An automated deployment system installs and configures operating systems
on new servers, without intervention, after the absolute minimum amount
of manual work, including physical racking, MAC-to-IP assignment, and
power configuration. Typically, solutions rely on wrappers around PXE
boot and TFTP servers for the basic operating system install and then
hand off to an automated configuration management system.

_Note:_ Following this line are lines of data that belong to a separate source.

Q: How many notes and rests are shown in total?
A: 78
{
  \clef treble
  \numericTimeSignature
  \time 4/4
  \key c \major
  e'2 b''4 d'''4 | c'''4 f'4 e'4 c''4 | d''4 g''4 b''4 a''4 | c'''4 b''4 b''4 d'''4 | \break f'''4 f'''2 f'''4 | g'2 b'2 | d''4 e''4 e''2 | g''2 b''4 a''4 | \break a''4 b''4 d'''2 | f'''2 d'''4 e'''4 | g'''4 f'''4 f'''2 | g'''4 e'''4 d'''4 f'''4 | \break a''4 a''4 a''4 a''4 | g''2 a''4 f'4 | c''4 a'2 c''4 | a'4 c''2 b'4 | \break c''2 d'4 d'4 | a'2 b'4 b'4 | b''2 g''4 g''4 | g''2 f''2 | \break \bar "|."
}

Both Ubuntu and Red Hat Enterprise Linux include mechanisms for
configuring the operating system, including preseed and kickstart, that
you can use after a network boot. Typically, these are used to bootstrap
an automated configuration system. Alternatively, you can use an
image-based approach for deploying the operating system, such as
systemimager. You can use both approaches with a virtualized
infrastructure, such as when you run VMs to separate your control
services and physical infrastructure.

When you create a deployment plan, focus on a few vital areas because
they are very hard to modify post deployment. The next two sections talk
about configurations for:

-  Disk partitioning and disk array setup for scalability

-  Networking configuration just for PXE booting

Disk partitioning and RAID
--------------------------

At the very base of any operating system are the hard drives on which
the operating system (OS) is installed.

You must complete the following configurations on the server's hard
drives:

-  Partitioning, which provides greater flexibility for layout of
   operating system and swap space, as described below.

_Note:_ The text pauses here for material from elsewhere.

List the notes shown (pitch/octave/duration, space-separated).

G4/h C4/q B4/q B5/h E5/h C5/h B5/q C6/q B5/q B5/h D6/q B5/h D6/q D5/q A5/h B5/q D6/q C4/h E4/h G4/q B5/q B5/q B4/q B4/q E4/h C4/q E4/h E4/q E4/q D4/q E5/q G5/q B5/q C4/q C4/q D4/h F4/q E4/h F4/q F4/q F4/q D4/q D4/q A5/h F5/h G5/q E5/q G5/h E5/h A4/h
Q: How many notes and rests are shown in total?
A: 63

-  Adding to a RAID array (RAID stands for redundant array of
   independent disks), based on the number of disks you have available,
   so that you can add capacity as your cloud grows. Some options are
   described in more detail below.

The simplest option to get started is to use one hard drive with two
partitions:

-  File system to store files and directories, where all the data lives,
   including the root partition that starts and runs the system.

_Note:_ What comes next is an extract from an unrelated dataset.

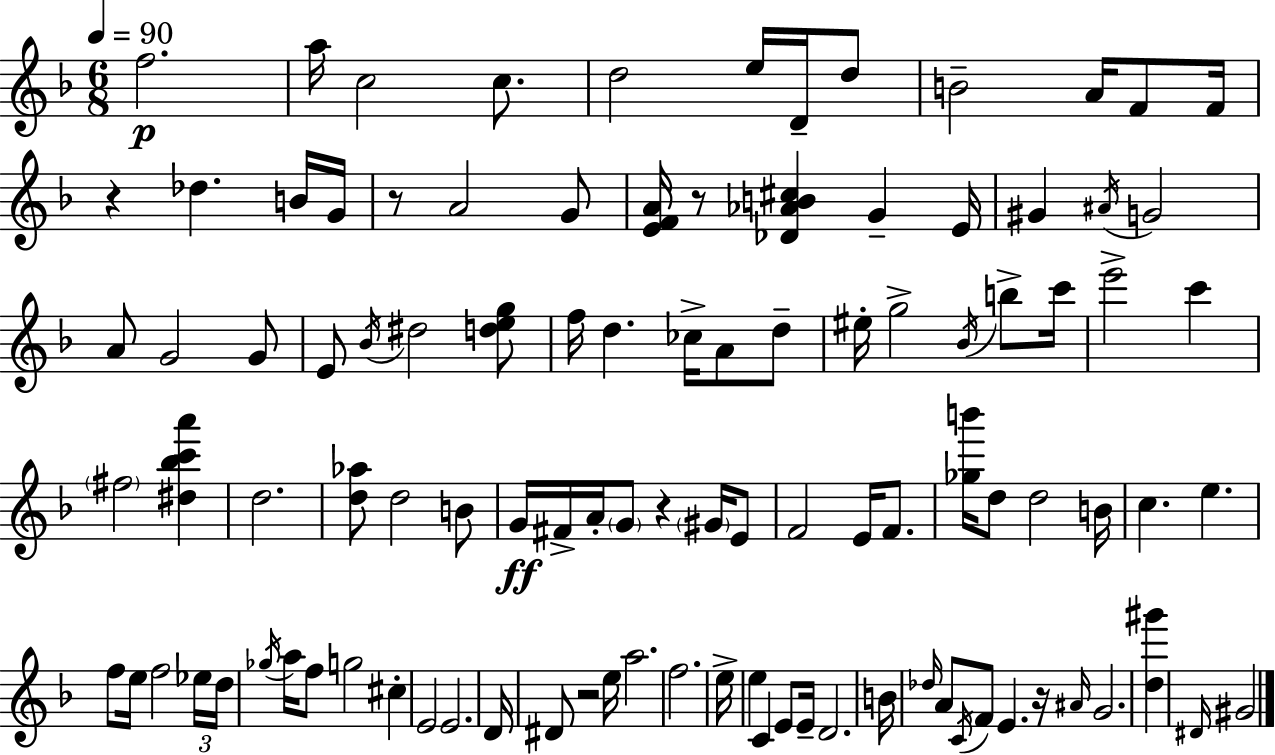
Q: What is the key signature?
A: F major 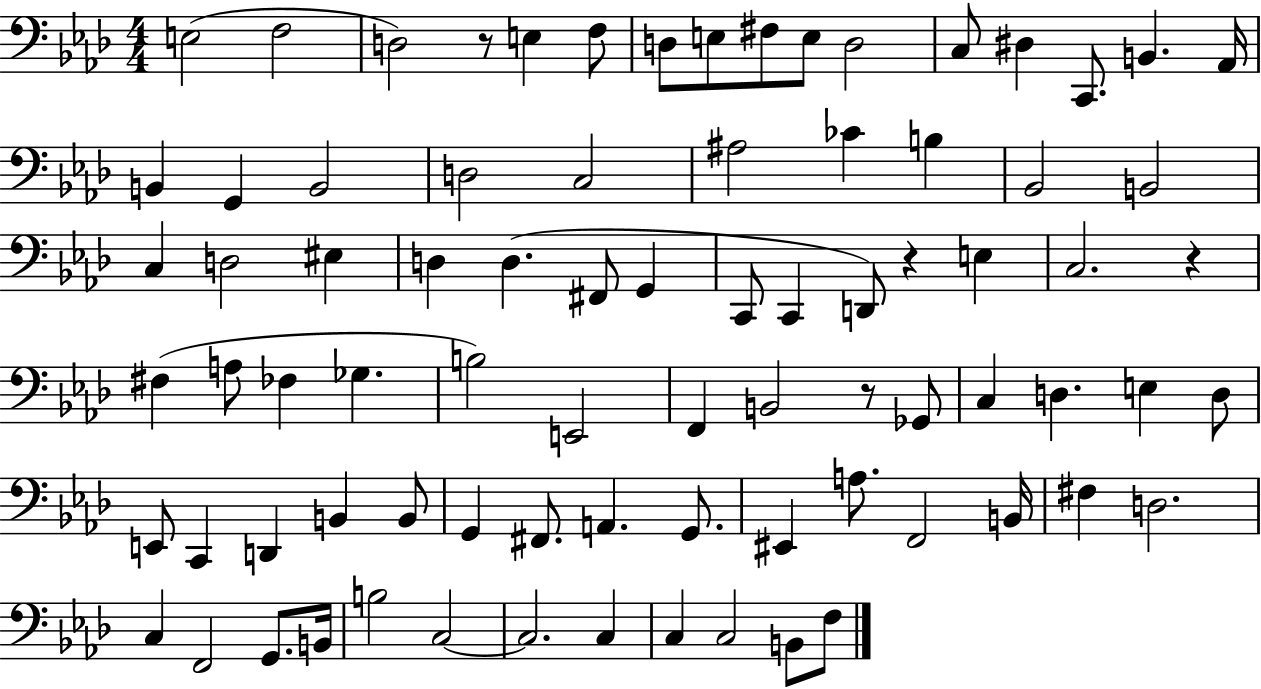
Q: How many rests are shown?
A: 4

-  Swap space to free up memory for processes, as an independent area of
   the physical disk used only for swapping and nothing else.

RAID is not used in this simplistic one-drive setup because generally
for production clouds, you want to ensure that if one disk fails,
another can take its place. Instead, for production, use more than one
disk. The number of disks determine what types of RAID arrays to build.

We recommend that you choose one of the following multiple disk options:

Option 1
    Partition all drives in the same way in a horizontal fashion, as
    shown in :ref:`partition_setup`.

    With this option, you can assign different partitions to different
    RAID arrays. You can allocate partition 1 of disk one and two to the
    ``/boot`` partition mirror. You can make partition 2 of all disks
    the root partition mirror. You can use partition 3 of all disks for
    a ``cinder-volumes`` LVM partition running on a RAID 10 array.

    .. _partition_setup:

    .. figure:: figures/osog_0201.png

       Partition setup of drives

    While you might end up with unused partitions, such as partition 1
    in disk three and four of this example, this option allows for
    maximum utilization of disk space. I/O performance might be an issue
    as a result of all disks being used for all tasks.

Option 2
    Add all raw disks to one large RAID array, either hardware or
    software based. You can partition this large array with the boot,
    root, swap, and LVM areas. This option is simple to implement and
    uses all partitions. However, disk I/O might suffer.

Option 3
    Dedicate entire disks to certain partitions. For example, you could
    allocate disk one and two entirely to the boot, root, and swap
    partitions under a RAID 1 mirror. Then, allocate disk three and four
    entirely to the LVM partition, also under a RAID 1 mirror. Disk I/O
    should be better because I/O is focused on dedicated tasks. However,
    the LVM partition is much smaller.

.. tip::

   You may find that you can automate the partitioning itself. For
   example, MIT uses `Fully Automatic Installation
   (FAI) <http://fai-project.org/>`_ to do the initial PXE-based
   partition and then install using a combination of min/max and
   percentage-based partitioning.

As with most architecture choices, the right answer depends on your
environment. If you are using existing hardware, you know the disk
density of your servers and can determine some decisions based on the
options above. If you are going through a procurement process, your
user's requirements also help you determine hardware purchases. Here are
some examples from a private cloud providing web developers custom
environments at AT&T. This example is from a specific deployment, so
your existing hardware or procurement opportunity may vary from this.
AT&T uses three types of hardware in its deployment:

-  Hardware for controller nodes, used for all stateless OpenStack API
   services. About 32–64 GB memory, small attached disk, one processor,
   varied number of cores, such as 6–12.

-  Hardware for compute nodes. Typically 256 or 144 GB memory, two
   processors, 24 cores. 4–6 TB direct attached storage, typically in a
   RAID 5 configuration.

-  Hardware for storage nodes. Typically for these, the disk space is
   optimized for the lowest cost per GB of storage while maintaining
   rack-space efficiency.

Again, the right answer depends on your environment. You have to make
your decision based on the trade-offs between space utilization,
simplicity, and I/O performance.

Network configuration
---------------------

.. TODO Reference to networking sections in the following paragraph.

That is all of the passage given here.